Mistral Small 4 stands out for its ability to integrate three essential functions into a single model. Traditionally, different artificial intelligence systems were required to conduct conversations, perform complex analyses, or write code. Now, Mistral Small 4 allows for the simultaneous and effortless management of these tasks. It positions itself as a versatile assistant, capable of discussing, analyzing, and coding from a single access point.
Its innovative architecture, called Mixture-of-Experts (MoE), relies on a network of 128 experts. This system enables the model to select the four most suitable experts for each specific task, thereby optimizing its efficiency. Although the model boasts an impressive total of 119 billion parameters, only 6 to 6.5 billion are activated for a given request, which speeds up processing while reducing costs.
Key features include:
- Multimodal Input: Thanks to its vision module Pixtral, it can process both images and text.

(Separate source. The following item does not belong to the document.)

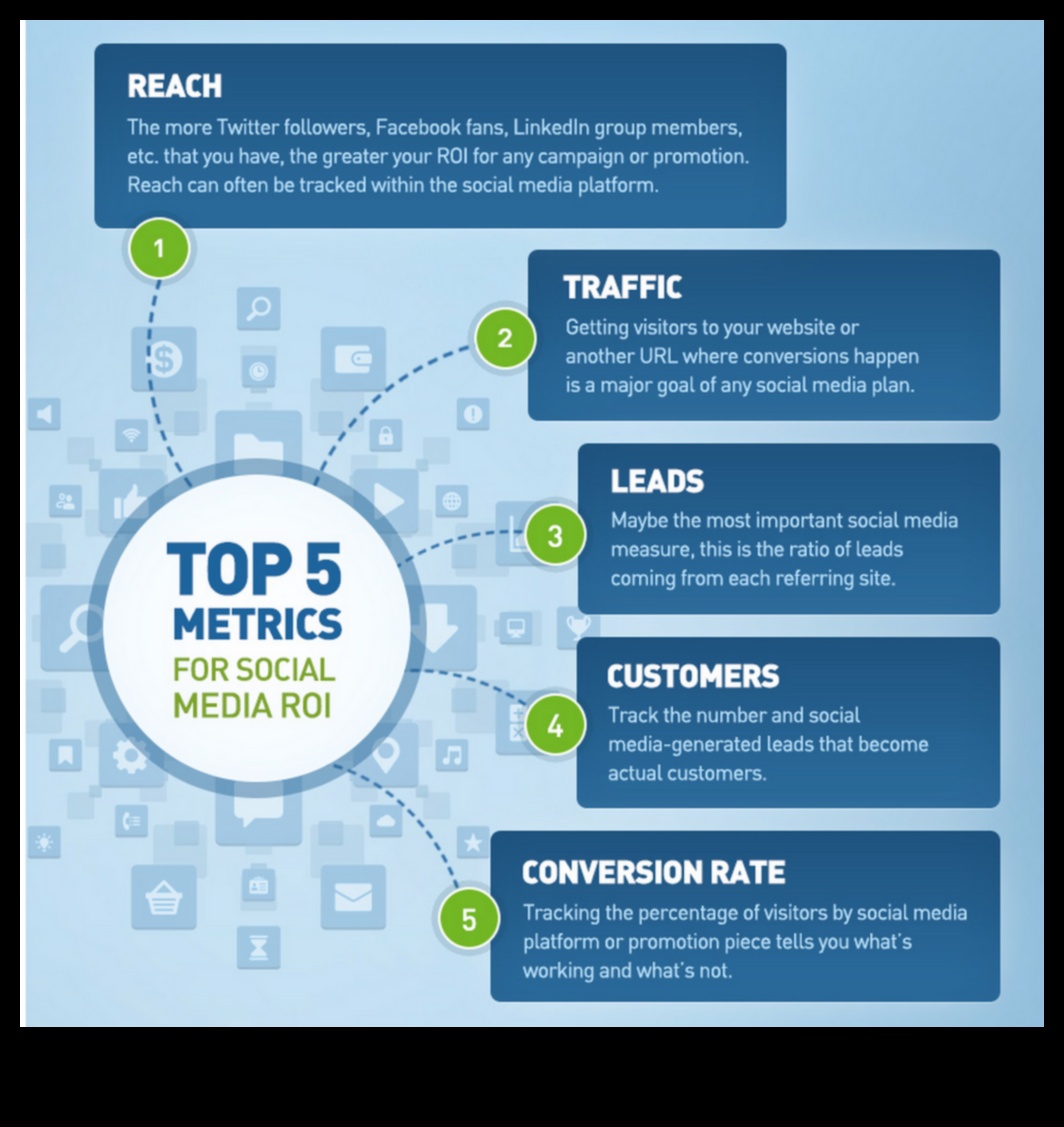 7 μετρήσεις για τη μέτρηση της επιτυχίας των μέσων κοινωνικής δικτύωσης για επιχειρήσεις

- Long Context Window: Capable of handling up to 256,000 tokens of information, it is ideal for analyzing large documents.

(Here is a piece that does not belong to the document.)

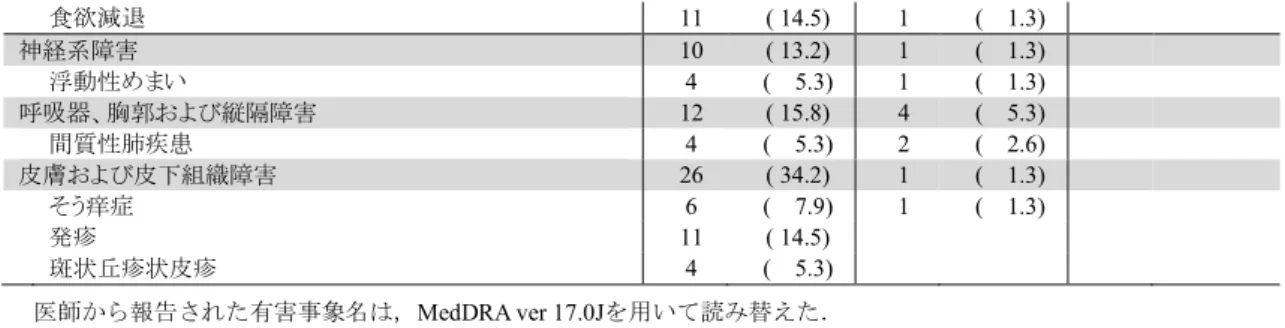 表 4  発現率が 5%以上の副作用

- Open and Accessible: The model weights are available under the Apache 2.0 license, allowing for commercial use. It is open-source and accessible via APIs and partner platforms.
- Optimized Performance: Mistral reduces the time required to complete tasks by 40% and processes three times more requests per second than its predecessor.

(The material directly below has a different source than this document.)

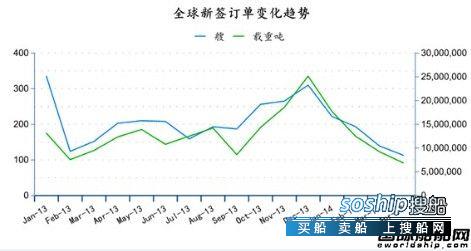 造船业2018会复苏吗 2014年4月全球造船业月报,造船业2018会复苏吗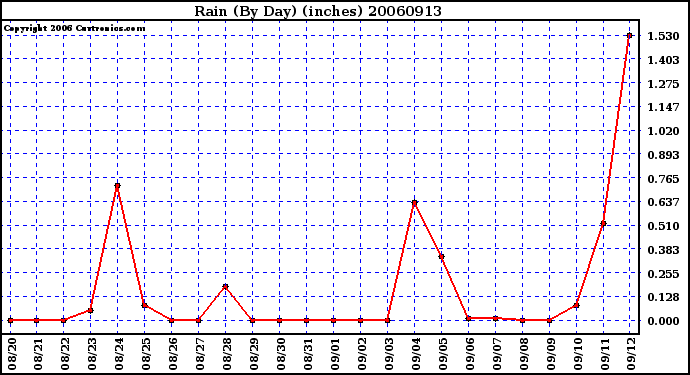 Milwaukee Weather Rain (By Day) (inches)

Under the Hood: Architecture and Specifications
Mistral Small 4 combines a text decoder and a vision encoder. When an image is provided, the vision system Pixtral interprets it and transmits the information to the text model, which then generates a response. This design allows for a seamless fusion of visual and textual data.
Architectural details include:
- Decoder Stack: Composed of 36 transformer layers, with a hidden size of 4096 and 32 attention heads.
- MoE Details: 128 experts, with 4 activated per token, featuring a shared expert component to ensure consistency.
- Vision Component: The vision model Pixtral includes 24 layers and processes images with a patch size of 14.
- Vocabulary: The Tekken tokenizer has an extensive vocabulary of 131,072 tokens, supporting multiple languages and complex instructions.
Although the number of active parameters is relatively low, the overall size of the model requires significant memory. The 119B model requires large VRAM; the quantized version at 4 bits consumes about 60 GB, while the 16-bit version uses nearly 240 GB. This does not include the memory needed in the KV cache for long-context tasks.
Evaluations and Benchmarks
Mistral Small 4 does not just rely on a smart architecture; it also showcases quantified performance that supports its claims. The model emphasizes quality and efficiency, providing accurate responses with low latency and reduced costs, thanks to shorter outputs.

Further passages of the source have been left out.